§ **WHAT IS REQUIRED**:
Print word for word the first line of the records below and every following line through the one containing "Saffraanplein 26 Almere thumbnail 34"; print nothing else.

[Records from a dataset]
========

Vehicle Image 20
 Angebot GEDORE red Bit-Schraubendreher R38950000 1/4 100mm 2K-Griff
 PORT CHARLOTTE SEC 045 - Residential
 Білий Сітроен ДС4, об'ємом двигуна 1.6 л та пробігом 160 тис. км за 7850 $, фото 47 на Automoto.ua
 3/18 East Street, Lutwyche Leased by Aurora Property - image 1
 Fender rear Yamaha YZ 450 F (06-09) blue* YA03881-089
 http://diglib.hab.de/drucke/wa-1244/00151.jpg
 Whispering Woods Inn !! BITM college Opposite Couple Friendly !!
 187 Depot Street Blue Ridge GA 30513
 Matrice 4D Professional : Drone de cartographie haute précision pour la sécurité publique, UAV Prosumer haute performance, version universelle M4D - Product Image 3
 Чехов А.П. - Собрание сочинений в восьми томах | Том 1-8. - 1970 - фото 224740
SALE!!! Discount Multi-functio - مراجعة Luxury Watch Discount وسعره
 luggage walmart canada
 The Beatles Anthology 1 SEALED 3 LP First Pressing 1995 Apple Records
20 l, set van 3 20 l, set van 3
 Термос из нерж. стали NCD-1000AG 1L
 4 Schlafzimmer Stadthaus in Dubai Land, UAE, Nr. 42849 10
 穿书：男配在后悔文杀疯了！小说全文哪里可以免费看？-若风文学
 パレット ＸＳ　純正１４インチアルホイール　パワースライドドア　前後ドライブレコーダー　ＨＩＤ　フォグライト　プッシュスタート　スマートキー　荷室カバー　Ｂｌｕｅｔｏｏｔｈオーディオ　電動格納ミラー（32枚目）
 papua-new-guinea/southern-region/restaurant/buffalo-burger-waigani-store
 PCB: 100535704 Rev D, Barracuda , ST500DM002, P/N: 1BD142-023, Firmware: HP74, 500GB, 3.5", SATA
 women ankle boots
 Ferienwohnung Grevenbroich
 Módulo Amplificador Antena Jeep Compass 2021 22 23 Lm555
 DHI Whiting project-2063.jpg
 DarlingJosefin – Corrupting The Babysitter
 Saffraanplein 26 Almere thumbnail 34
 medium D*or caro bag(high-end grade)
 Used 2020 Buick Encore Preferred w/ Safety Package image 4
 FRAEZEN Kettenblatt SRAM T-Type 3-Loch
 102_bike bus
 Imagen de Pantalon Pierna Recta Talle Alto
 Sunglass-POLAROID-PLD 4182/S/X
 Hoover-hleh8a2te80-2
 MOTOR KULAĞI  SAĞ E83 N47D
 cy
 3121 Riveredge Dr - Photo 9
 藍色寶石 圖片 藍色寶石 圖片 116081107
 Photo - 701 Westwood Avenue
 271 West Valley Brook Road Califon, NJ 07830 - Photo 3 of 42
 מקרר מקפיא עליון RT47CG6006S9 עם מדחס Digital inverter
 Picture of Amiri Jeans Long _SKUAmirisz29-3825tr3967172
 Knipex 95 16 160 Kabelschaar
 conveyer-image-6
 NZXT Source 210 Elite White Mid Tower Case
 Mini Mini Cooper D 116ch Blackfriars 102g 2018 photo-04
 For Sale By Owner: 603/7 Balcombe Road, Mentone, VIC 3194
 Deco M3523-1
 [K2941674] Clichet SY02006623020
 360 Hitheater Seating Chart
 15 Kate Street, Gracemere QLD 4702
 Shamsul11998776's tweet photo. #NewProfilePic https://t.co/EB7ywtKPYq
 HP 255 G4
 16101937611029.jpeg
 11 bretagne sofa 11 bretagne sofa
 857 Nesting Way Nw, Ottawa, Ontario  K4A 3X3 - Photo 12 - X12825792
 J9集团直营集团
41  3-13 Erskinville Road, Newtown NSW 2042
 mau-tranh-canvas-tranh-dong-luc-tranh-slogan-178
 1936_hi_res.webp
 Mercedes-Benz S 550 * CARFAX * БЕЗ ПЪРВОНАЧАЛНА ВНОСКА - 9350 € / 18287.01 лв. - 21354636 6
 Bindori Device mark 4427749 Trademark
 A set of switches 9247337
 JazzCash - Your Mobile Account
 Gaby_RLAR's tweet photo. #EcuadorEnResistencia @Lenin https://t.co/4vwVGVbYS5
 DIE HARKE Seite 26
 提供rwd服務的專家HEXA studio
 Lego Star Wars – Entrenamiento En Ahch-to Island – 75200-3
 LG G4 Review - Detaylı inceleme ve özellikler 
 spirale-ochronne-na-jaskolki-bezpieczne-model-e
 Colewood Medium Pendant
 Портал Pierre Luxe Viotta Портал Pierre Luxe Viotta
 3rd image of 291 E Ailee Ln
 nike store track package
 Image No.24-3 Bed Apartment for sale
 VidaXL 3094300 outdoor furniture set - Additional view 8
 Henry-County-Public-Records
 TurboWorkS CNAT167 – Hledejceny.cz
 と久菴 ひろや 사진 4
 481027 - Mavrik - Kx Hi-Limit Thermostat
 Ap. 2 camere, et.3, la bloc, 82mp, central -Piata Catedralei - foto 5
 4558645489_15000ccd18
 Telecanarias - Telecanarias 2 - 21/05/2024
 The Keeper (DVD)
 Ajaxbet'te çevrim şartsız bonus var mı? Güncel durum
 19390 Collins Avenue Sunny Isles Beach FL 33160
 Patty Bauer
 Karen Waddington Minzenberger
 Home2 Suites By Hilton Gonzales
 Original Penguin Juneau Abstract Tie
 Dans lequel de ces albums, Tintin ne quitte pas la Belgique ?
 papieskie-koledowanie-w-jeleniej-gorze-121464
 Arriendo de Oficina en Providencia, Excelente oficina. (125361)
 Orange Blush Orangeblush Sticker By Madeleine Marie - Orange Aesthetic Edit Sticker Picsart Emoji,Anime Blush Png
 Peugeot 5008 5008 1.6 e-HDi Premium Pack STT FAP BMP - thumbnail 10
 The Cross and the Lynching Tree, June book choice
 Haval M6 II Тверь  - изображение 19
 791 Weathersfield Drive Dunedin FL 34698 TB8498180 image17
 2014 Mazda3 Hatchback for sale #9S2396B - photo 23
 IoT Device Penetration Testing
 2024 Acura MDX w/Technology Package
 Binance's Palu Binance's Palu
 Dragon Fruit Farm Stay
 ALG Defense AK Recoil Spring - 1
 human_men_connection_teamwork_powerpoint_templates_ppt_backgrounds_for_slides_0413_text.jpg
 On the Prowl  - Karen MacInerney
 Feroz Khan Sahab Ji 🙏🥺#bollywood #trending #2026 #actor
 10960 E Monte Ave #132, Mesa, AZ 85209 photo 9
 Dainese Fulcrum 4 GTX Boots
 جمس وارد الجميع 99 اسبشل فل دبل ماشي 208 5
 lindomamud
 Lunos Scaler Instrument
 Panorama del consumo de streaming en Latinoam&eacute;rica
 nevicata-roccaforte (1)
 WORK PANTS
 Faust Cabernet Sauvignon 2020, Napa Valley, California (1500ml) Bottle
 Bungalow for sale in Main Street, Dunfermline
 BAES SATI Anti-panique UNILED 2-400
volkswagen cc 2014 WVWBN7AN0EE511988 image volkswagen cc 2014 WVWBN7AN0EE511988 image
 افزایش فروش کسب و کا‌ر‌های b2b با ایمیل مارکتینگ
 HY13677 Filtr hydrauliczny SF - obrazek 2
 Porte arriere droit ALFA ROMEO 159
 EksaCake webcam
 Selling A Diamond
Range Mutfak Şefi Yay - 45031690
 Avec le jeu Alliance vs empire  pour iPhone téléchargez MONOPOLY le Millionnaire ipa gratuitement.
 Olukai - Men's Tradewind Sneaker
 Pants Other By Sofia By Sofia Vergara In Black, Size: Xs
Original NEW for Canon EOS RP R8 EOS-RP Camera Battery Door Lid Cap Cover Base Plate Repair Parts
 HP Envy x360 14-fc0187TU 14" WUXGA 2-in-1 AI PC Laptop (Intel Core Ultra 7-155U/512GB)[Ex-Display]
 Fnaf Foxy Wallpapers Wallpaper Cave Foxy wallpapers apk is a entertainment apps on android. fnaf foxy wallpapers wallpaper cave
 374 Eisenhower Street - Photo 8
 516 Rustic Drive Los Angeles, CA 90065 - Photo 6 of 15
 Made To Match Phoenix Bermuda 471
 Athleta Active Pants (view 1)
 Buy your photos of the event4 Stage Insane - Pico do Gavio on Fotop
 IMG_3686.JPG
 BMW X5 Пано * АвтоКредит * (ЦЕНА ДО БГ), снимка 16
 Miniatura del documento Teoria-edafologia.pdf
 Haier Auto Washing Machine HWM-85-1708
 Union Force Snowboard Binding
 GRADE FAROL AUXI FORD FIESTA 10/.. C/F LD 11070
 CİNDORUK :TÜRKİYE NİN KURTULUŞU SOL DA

========

§ **RESULT BELOW**:
Vehicle Image 20
 Angebot GEDORE red Bit-Schraubendreher R38950000 1/4 100mm 2K-Griff
 PORT CHARLOTTE SEC 045 - Residential
 Білий Сітроен ДС4, об'ємом двигуна 1.6 л та пробігом 160 тис. км за 7850 $, фото 47 на Automoto.ua
 3/18 East Street, Lutwyche Leased by Aurora Property - image 1
 Fender rear Yamaha YZ 450 F (06-09) blue* YA03881-089
 http://diglib.hab.de/drucke/wa-1244/00151.jpg
 Whispering Woods Inn !! BITM college Opposite Couple Friendly !!
 187 Depot Street Blue Ridge GA 30513
 Matrice 4D Professional : Drone de cartographie haute précision pour la sécurité publique, UAV Prosumer haute performance, version universelle M4D - Product Image 3
 Чехов А.П. - Собрание сочинений в восьми томах | Том 1-8. - 1970 - фото 224740
SALE!!! Discount Multi-functio - مراجعة Luxury Watch Discount وسعره
 luggage walmart canada
 The Beatles Anthology 1 SEALED 3 LP First Pressing 1995 Apple Records
20 l, set van 3 20 l, set van 3
 Термос из нерж. стали NCD-1000AG 1L
 4 Schlafzimmer Stadthaus in Dubai Land, UAE, Nr. 42849 10
 穿书：男配在后悔文杀疯了！小说全文哪里可以免费看？-若风文学
 パレット ＸＳ　純正１４インチアルホイール　パワースライドドア　前後ドライブレコーダー　ＨＩＤ　フォグライト　プッシュスタート　スマートキー　荷室カバー　Ｂｌｕｅｔｏｏｔｈオーディオ　電動格納ミラー（32枚目）
 papua-new-guinea/southern-region/restaurant/buffalo-burger-waigani-store
 PCB: 100535704 Rev D, Barracuda , ST500DM002, P/N: 1BD142-023, Firmware: HP74, 500GB, 3.5", SATA
 women ankle boots
 Ferienwohnung Grevenbroich
 Módulo Amplificador Antena Jeep Compass 2021 22 23 Lm555
 DHI Whiting project-2063.jpg
 DarlingJosefin – Corrupting The Babysitter
 Saffraanplein 26 Almere thumbnail 34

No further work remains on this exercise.